Exercise directions —
Each line below must be printed again exactly.
----------------------------------------
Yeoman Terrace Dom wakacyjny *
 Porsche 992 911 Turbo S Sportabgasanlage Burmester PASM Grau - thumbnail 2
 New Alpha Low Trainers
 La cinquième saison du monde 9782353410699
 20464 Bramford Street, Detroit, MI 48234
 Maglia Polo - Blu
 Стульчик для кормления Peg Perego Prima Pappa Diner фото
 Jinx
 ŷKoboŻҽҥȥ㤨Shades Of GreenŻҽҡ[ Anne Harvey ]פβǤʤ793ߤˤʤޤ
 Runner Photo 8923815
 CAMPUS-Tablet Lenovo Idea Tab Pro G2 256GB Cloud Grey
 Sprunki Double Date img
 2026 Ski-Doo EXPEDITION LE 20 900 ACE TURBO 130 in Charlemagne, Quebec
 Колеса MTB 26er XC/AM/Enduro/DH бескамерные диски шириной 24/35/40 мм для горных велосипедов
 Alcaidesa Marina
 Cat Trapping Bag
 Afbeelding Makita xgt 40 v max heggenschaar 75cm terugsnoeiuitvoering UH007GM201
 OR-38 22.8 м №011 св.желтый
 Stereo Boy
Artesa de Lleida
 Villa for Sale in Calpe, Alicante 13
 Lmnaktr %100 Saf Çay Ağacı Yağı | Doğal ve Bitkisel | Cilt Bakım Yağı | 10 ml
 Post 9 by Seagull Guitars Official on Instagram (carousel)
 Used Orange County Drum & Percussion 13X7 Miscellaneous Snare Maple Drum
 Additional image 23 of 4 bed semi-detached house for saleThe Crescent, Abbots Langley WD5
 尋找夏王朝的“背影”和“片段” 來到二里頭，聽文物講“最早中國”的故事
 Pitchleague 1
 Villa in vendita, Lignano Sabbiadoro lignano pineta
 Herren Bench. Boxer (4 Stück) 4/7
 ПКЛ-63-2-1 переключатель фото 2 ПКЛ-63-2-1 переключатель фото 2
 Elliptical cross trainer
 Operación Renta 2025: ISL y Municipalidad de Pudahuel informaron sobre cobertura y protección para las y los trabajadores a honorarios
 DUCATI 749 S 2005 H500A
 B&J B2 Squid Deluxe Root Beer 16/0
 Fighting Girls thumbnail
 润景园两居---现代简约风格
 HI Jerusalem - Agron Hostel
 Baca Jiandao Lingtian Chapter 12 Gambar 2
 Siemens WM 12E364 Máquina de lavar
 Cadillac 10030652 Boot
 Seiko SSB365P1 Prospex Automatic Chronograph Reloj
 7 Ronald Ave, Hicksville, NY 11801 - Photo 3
----------------------------------------
Reply to the task —
Yeoman Terrace Dom wakacyjny *
 Porsche 992 911 Turbo S Sportabgasanlage Burmester PASM Grau - thumbnail 2
 New Alpha Low Trainers
 La cinquième saison du monde 9782353410699
 20464 Bramford Street, Detroit, MI 48234
 Maglia Polo - Blu
 Стульчик для кормления Peg Perego Prima Pappa Diner фото
 Jinx
 ŷKoboŻҽҥȥ㤨Shades Of GreenŻҽҡ[ Anne Harvey ]פβǤʤ793ߤˤʤޤ
 Runner Photo 8923815
 CAMPUS-Tablet Lenovo Idea Tab Pro G2 256GB Cloud Grey
 Sprunki Double Date img
 2026 Ski-Doo EXPEDITION LE 20 900 ACE TURBO 130 in Charlemagne, Quebec
 Колеса MTB 26er XC/AM/Enduro/DH бескамерные диски шириной 24/35/40 мм для горных велосипедов
 Alcaidesa Marina
 Cat Trapping Bag
 Afbeelding Makita xgt 40 v max heggenschaar 75cm terugsnoeiuitvoering UH007GM201
 OR-38 22.8 м №011 св.желтый
 Stereo Boy
Artesa de Lleida
 Villa for Sale in Calpe, Alicante 13
 Lmnaktr %100 Saf Çay Ağacı Yağı | Doğal ve Bitkisel | Cilt Bakım Yağı | 10 ml
 Post 9 by Seagull Guitars Official on Instagram (carousel)
 Used Orange County Drum & Percussion 13X7 Miscellaneous Snare Maple Drum
 Additional image 23 of 4 bed semi-detached house for saleThe Crescent, Abbots Langley WD5
 尋找夏王朝的“背影”和“片段” 來到二里頭，聽文物講“最早中國”的故事
 Pitchleague 1
 Villa in vendita, Lignano Sabbiadoro lignano pineta
 Herren Bench. Boxer (4 Stück) 4/7
 ПКЛ-63-2-1 переключатель фото 2 ПКЛ-63-2-1 переключатель фото 2
 Elliptical cross trainer
 Operación Renta 2025: ISL y Municipalidad de Pudahuel informaron sobre cobertura y protección para las y los trabajadores a honorarios
 DUCATI 749 S 2005 H500A
 B&J B2 Squid Deluxe Root Beer 16/0
 Fighting Girls thumbnail
 润景园两居---现代简约风格
 HI Jerusalem - Agron Hostel
 Baca Jiandao Lingtian Chapter 12 Gambar 2
 Siemens WM 12E364 Máquina de lavar
 Cadillac 10030652 Boot
 Seiko SSB365P1 Prospex Automatic Chronograph Reloj
 7 Ronald Ave, Hicksville, NY 11801 - Photo 3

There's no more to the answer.